New law for Biobank researchers


The decision taken by the Swedish Data Inspection Board to stop the Life Gene research project was the point of departure for a lively nationwide debate on the legal criteria for biobank research projects in Sweden. The Data Inspection Board based its decision on the fact that Life Gene’s research purpose was not specific enough: This made it incompatible with the requirements of both the EU Data protection directive and the Swedish Personal Data Act.

To make research like the life gene project possible the Swedish Parliament (Riksdag) has enacted a new legislative Act on registers for research on the health implications of heritage and environment (Lag  [2013:794] om vissa register för forskning om vad arv och miljö betyder för människors hälsa) that entered into force on November 1st, 2013.  This Act provides a legal ground for universities and colleges to process personal data.
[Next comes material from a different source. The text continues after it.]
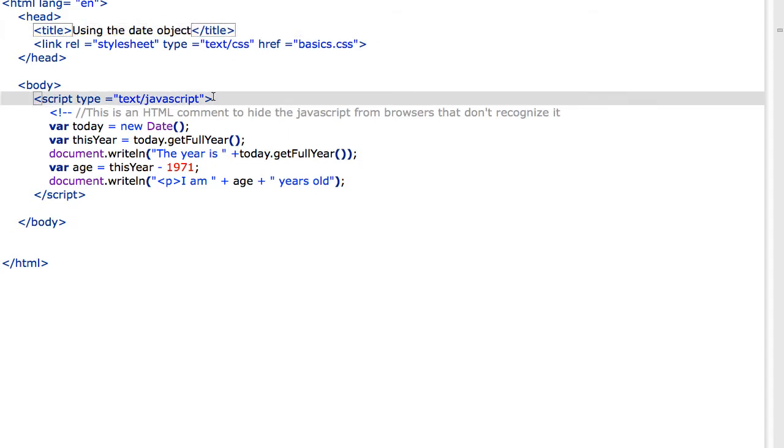An object is something that contains properties, methods, things that we can work with. And my favorite one to just start people off with is the date object.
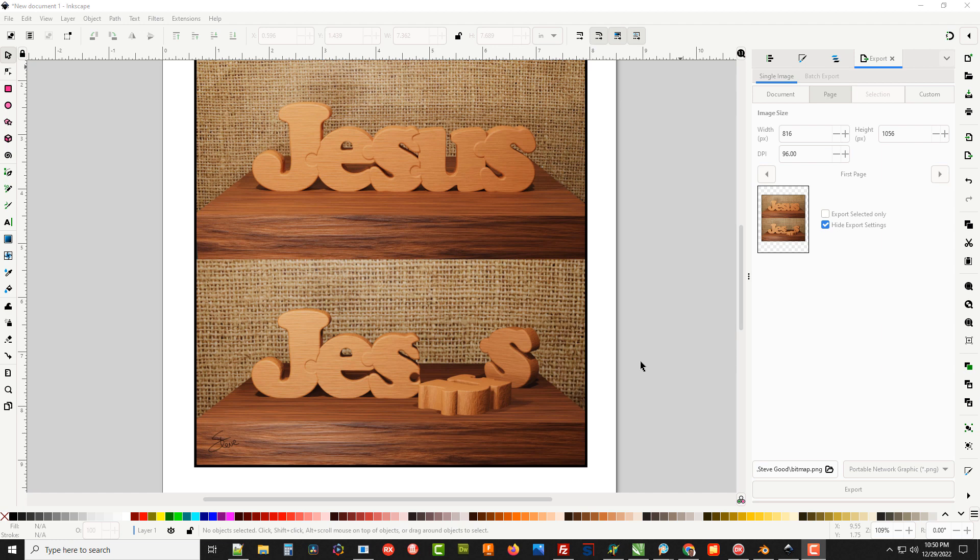Hey guys, Steve here with the Scrollsaw Workshop. I posted this pattern today of the Jesus puzzle. It's just the word Jesus with the little puzzle tabs on it to hold it together.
This legislation creates the basis for research projects dealing with the implications of heritage and environment for developing different deceases and the health of human beings in general.  A precondition for processing data is that the person (data subject) has given his or her expressed consent. The Act is in force until December 31st 2015, and will until then be evaluated in light of the legal changes in Sweden and in a European context such as the suggested EU Data Protection Regulation. The Riksdag has delegated to the Government to decide which universities will be entitled to carry out this data processing. This means that Life Gene is now up and running again!